Somewhere for the tax refund to go ?

At the risk of hijacking the thread (sort of..), I am due to get my tax refund soon (depreciation, what a wonderful thing :)).

My thinking has always been to dump it in the PPOR (garanteed 9% return atm), however I am thinking about buying shares instead, for 2 reasons:
  • Shares are looking relatively cheap
  • Historically, shares have outperformed cash - and by dumping the money into the ppor you are effectively getting the tax free "cash" return. (Is my thinking right here ?)

Anyone else thinking of buying some bargain shares with their refund ?
 
My thinking has always been to dump it in the PPOR (garanteed 9% return atm), however I am thinking about buying shares instead, for 2 reasons:
  • Shares are looking relatively cheap
  • Historically, shares have outperformed cash - and by dumping the money into the ppor you are effectively getting the tax free "cash" return. (Is my thinking right here ?)
I have started buying shares over the past few months and had some buys in today but missed out. I am doing it with an LOC, not a tax refund though.

Your thinking is correct about the "cash return"- have you considered an offset account, rather than simily paying down the mortgage?
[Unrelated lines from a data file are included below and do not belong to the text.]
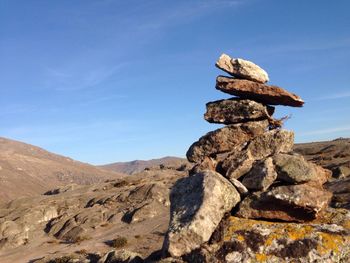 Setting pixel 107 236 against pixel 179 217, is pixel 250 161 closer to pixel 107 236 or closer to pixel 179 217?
pixel 179 217

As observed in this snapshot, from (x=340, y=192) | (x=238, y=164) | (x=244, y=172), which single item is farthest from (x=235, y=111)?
(x=340, y=192)

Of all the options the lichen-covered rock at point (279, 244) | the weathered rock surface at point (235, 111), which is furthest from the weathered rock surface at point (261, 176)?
the weathered rock surface at point (235, 111)

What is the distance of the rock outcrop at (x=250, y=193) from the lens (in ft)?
55.8

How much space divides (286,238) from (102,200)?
45.5 m

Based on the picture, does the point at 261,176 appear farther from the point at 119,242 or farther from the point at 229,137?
the point at 119,242

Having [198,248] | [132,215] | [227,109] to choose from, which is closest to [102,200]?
[132,215]

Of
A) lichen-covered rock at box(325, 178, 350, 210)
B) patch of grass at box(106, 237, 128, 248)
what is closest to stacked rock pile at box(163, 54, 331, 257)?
lichen-covered rock at box(325, 178, 350, 210)

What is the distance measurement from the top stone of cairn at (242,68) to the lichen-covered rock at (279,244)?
9710 millimetres

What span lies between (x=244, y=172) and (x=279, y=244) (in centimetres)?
515

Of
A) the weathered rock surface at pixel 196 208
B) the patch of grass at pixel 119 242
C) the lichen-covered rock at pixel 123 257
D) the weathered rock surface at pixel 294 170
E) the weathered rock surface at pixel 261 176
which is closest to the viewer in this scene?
the weathered rock surface at pixel 196 208

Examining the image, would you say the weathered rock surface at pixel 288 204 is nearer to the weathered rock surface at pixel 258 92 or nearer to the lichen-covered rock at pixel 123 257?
the weathered rock surface at pixel 258 92

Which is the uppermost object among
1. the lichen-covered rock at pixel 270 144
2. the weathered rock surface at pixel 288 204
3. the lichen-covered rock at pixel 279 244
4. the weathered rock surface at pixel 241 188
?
the lichen-covered rock at pixel 270 144

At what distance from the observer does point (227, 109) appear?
23797 mm

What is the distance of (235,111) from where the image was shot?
23547 millimetres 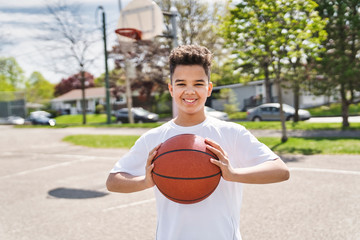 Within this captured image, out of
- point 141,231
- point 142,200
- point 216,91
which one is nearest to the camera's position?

You could also use a loan for the shares and use the tax refund for the PPoR; this would increase your tax deductible debt and reduce your non-tax deductible debt. Of course, you should seek specific advice from an advisor/ accountant.
 
i'm calling a dead cat bounce. rally to 5400 then fall away.
What happened to the low 3500- 4500 range,now it;s a rally up too 5400 the reality is no one knows,as there is such a great disparity in value between expensive high end blue chips,and the one$$$$dollar underdogs.
willair..
 
i said there was support at 3500 and 4500 - didn;t call the fall to there.

i said the next rally would be from 4900 - lo and behold....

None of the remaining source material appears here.